I deleted everything in the LD_LIBRARY_PATH
. Then I only added
/usr/lib/x86_64-linux-gnu
. The Libdl
path for libcuda
still returns "/usr/local/cuda/lib64/stubs/libcuda.so"
. I assume it should return the path I gave to LD_LIBRARY_PATH
? How can I change this? (I really appreciate your patience with me!)
Check /etc/ld.so.conf
or the files in /etc/ld.so.conf.d
. You should not have to add /usr/lib/x86_64-linux-gnu
to LD_LIBRARY_PATH, it should already have an entry there. But more importantly, there should be no stubs
entry there. LD_LIBRARY_PATH could also be set in /etc/profile
or /etc/profile.d/*
, or in a variety of places in your home folder (.bashrc, .profile, etc).
I added the path manually in .bashrc
. I then restarted and now Libdl
finds the library correctly and the examples all work. Thank you sir for your patience. I really appreciate it.

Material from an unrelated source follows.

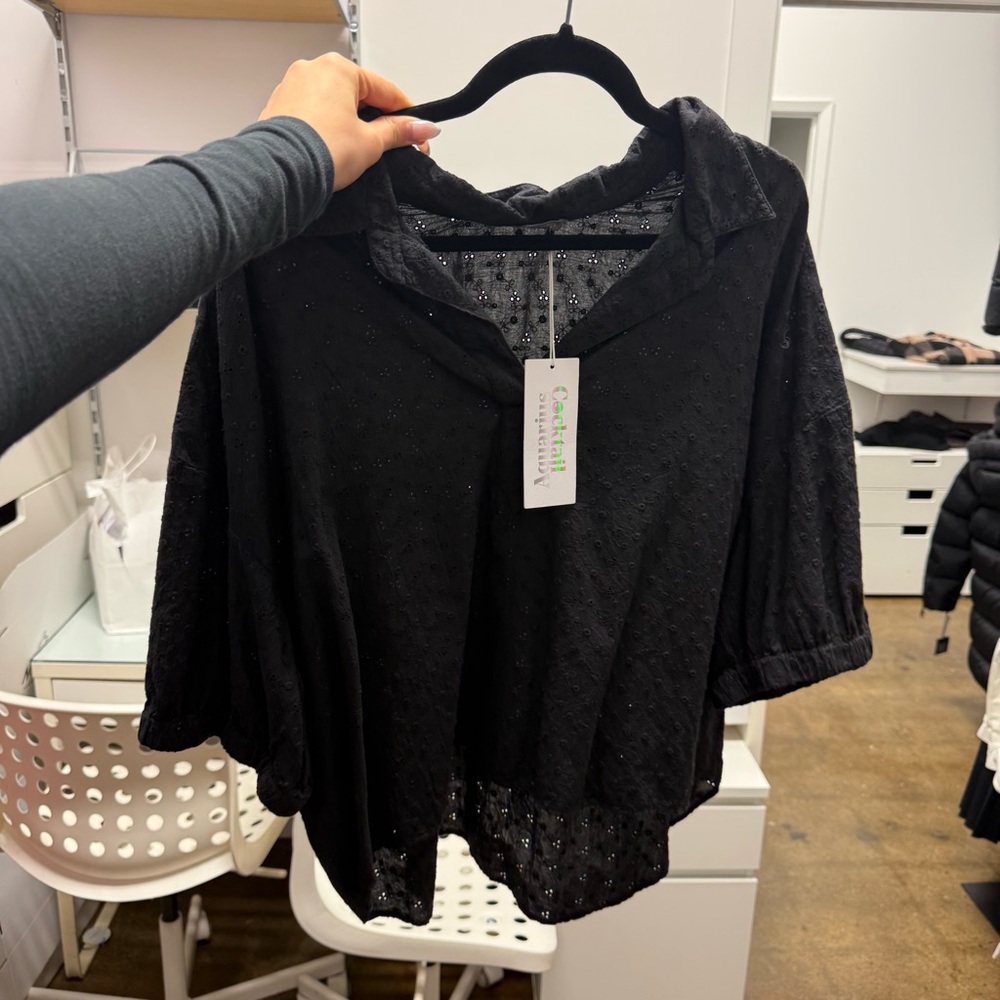 Black Eyelet Women's Top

Thanks @Mehrdad_Esfahani and @maleadt for this post. I helped my resolve the exact same problem on my system! I added this line to my .bashrc
to remove the stubs:
export LD_LIBRARY_PATH=`echo $LD_LIBRARY_PATH | tr ":" "\n" | grep -v "stubs" | tr "\n" ":"`
By the way - would it be possible for CUDA.jl
to automatically ignore the stub and use the real library instead?